Accepted to the IEEE Haptics Symposium and honored with the Distinguished Technical Long Paper Award.

Abstract

Authoring realistic haptic textures often requires low-level parameter tuning and repeated trial-and-error, which slows iteration and limits creative exploration. This work introduces a language-driven authoring system that turns natural-language prompts into multimodal textures: coordinated haptic signals (sliding vibrations generated by force/speed-conditioned autoregressive models and tapping transients) and a text-prompted visual preview from a diffusion model. A shared, language-aligned latent space links modalities so a single prompt yields semantically consistent haptic and visual output; designers can specify goals like “gritty but cushioned” or “smooth hard metal” and immediately see and feel the result through a 3D haptic device. An anchor-referenced, attribute-wise evaluation for roughness, slipperiness, and hardness shows perceptually meaningful structure in the latent, with trends reflecting asperity, compliance, and surface-film effects. A human-subject study further indicates coherent cross-modal experience and low effort for prompt-based iteration.
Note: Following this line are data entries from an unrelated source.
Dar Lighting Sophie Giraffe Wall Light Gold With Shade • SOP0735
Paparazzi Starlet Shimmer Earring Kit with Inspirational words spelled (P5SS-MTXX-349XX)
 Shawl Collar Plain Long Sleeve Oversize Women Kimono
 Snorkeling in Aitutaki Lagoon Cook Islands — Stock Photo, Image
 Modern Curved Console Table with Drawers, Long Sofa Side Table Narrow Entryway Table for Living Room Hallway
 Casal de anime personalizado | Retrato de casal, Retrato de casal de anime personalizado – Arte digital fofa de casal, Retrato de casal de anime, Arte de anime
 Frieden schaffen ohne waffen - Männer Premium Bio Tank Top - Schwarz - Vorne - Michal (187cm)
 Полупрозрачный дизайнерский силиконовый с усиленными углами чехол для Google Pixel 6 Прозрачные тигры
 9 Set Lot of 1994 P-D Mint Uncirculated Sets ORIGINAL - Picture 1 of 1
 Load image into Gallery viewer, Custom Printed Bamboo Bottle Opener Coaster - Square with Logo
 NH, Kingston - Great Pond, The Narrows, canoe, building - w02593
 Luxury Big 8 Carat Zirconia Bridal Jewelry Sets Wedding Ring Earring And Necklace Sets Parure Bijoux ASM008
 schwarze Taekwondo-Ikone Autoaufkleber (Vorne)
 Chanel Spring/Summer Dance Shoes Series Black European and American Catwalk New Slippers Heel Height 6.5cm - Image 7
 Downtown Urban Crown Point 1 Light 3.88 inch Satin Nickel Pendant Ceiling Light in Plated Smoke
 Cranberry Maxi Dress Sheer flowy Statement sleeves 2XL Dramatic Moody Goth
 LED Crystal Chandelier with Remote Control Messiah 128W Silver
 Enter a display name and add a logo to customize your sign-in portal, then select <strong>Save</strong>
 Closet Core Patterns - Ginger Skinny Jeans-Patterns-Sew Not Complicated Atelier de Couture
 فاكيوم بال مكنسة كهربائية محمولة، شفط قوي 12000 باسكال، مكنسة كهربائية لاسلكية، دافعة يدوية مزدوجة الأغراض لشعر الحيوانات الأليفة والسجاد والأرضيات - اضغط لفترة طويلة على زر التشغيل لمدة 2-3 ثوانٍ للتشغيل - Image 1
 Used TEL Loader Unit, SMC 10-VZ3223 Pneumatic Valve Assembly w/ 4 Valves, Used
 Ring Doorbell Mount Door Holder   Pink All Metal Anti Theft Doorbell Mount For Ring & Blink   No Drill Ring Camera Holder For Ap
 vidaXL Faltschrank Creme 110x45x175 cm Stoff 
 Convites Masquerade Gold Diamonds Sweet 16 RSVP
Overall, the results show language as a practical control modality for texture authoring, enabling prompt-first, designer-oriented workflows that replace manual parameter tuning with interpretable, text-guided refinement.

Contributions

Language-driven multimodal texture authoring that unifies haptic signals and visual previews from a single prompt.
A shared, language-aligned latent space that preserves semantic consistency across haptic and visual channels.
User studies and attribute-wise evaluations demonstrating perceptually meaningful control over roughness, hardness, and slipperiness.